Dengan koreksi itu, Surya Paloh seolah menarik kembali nilai moral yang dulu ia junjung tinggi. Di sinilah restorasi berubah menjadi retorika kosong.

8. Penutup: Jangan Bermain-Main dengan Nasionalisme Kebangsaan

NasDem lahir dari semangat nasionalisme moral, bukan sekadar ambisi elektoral.

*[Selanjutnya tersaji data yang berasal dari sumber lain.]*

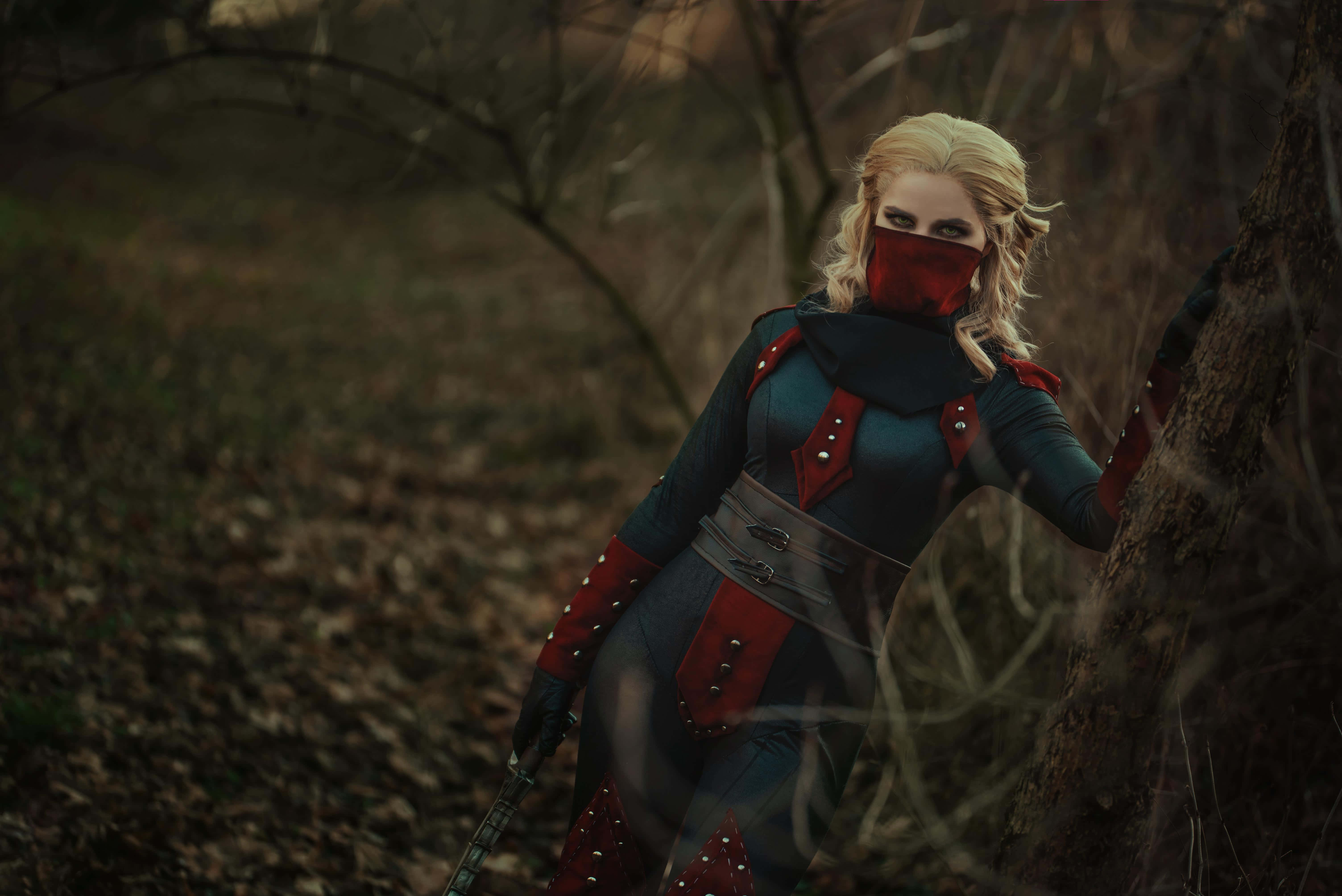 Skyrim Astrid 桌布 壁紙 — 一位金髮戰士身穿紅藍盔甲，在迷霧森林中靠著樹，手持劍。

Tapi bila restorasi yang dulu diagung-agungkan kini berubah menjadi kendaraan plutokrasi dan inkonsistensi moral, maka bangsa ini berhak melakukan otokritik.

Surya Paloh harus sadar, nasionalisme bukan panggung kompromi, melainkan medan integritas.
Ia boleh berstrategi memutar, boleh berdiplomasi politik, tapi jangan bermain-main di ranah kebangsaan bila ingin dikenang sebagai negarawan.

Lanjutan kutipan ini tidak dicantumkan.